18 On that day, unlike the first three plagues,58 I will set apart the land of Goshen, where My people dwell, so that there will not be any mixed horde there. Thus you will realize that I am God not only in heaven but also on earth, in the midst of the land.

Sixth Reading 19 "I will make a redemptive distinction between My people and your people. This miraculous sign will come about tomorrow.' "

20 But Pharaoh did not heed Moses' warning, so, on Tishrei 8, 2448, God did this, and a huge mixed horde of wild beasts came upon the homes of Pharaoh and of his courtiers; throughout the land of Egypt the land was devastated by the mixed horde of wild beasts. Since Moses and Aaron did not perform a specific act to cause this plague, the necromancers had no illusions that it was performed by magic, and therefore did not try to imitate it.59

21 Pharaoh summoned Moses and Aaron and said, "Go and sacrifice to your God in this land. You can serve him here and there is no need for you to make a journey into the desert."

22 Moses said, "It would not be proper to do so, for it is the deity of Egypt that we would sacrifice to God, our God. We are going to sacrifice sheep, one of the animals you worship as an idol. If we were to sacrifice the deity of the Egyptians before their very eyes, would they not stone us?!

23 We must make a three-day journey into the wilderness and sacrifice to God, our God, according to what He will tell us."

24 Pharaoh said, "Very well; I will let you leave so that you can sacrifice to God, your God, in the wilderness, but you must not travel far. And pray for me!"

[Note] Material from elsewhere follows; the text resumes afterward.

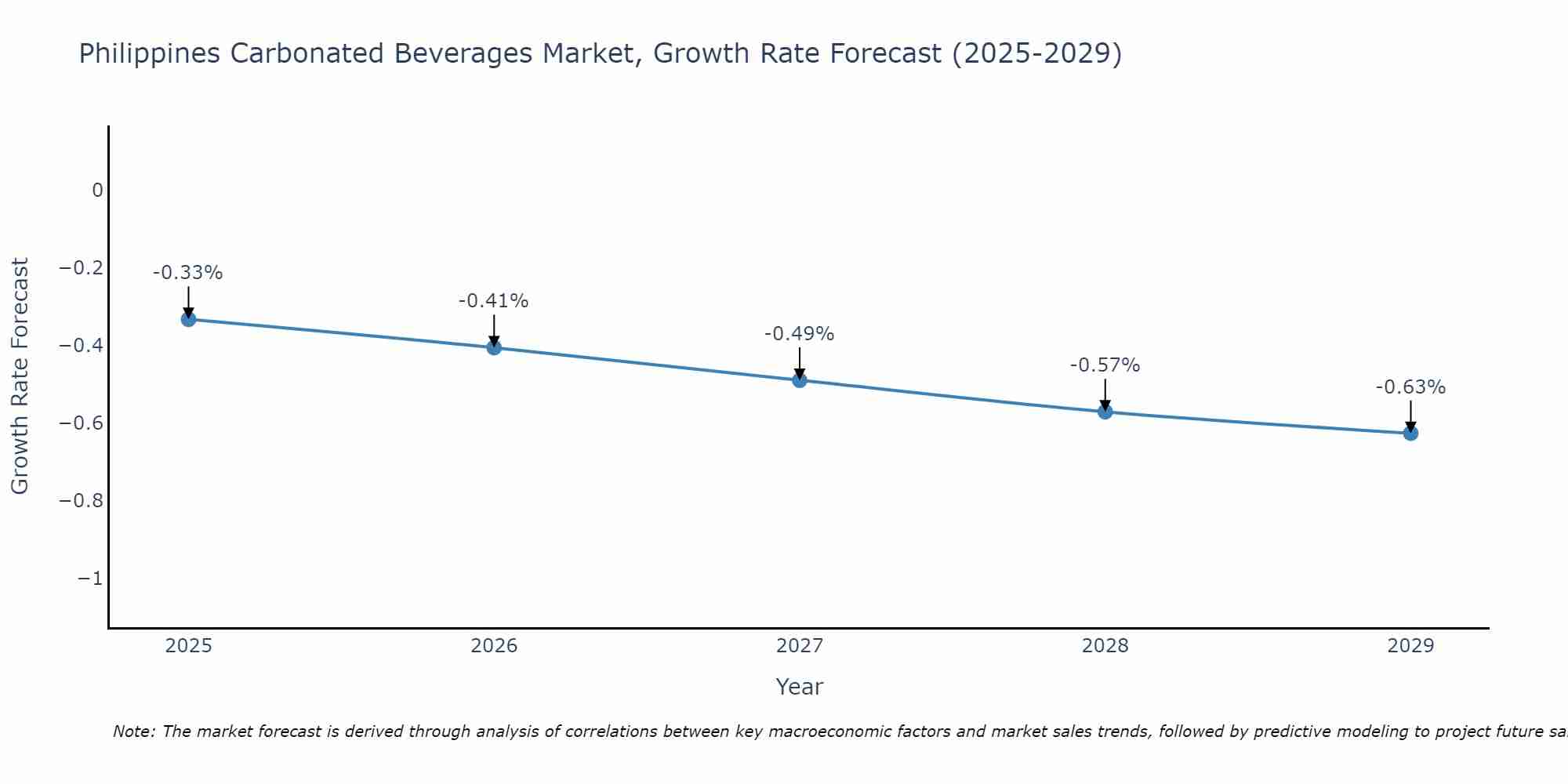 Philippines Carbonated Beverages Market Growth Rate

25 Moses answered, "I am now going to leave your presence and I will pray to God, and tomorrow the horde of wild beasts will go away from Pharaoh and his courtiers and his people. But let Pharaoh never again deceive us by not allowing the people to leave and sacrifice to God!"

26 Moses then left Pharaoh's presence and prayed to God.

27 God did as Moses asked and removed the mixed horde of wild beasts from Pharaoh and his courtiers and his people. They went back to where they came from and not one remained. They did not simply die, as did the frogs, for then the Egyptians could have made use of their hides.

28 But this time, too, Pharaoh hardened his heart, and he did not let the people leave.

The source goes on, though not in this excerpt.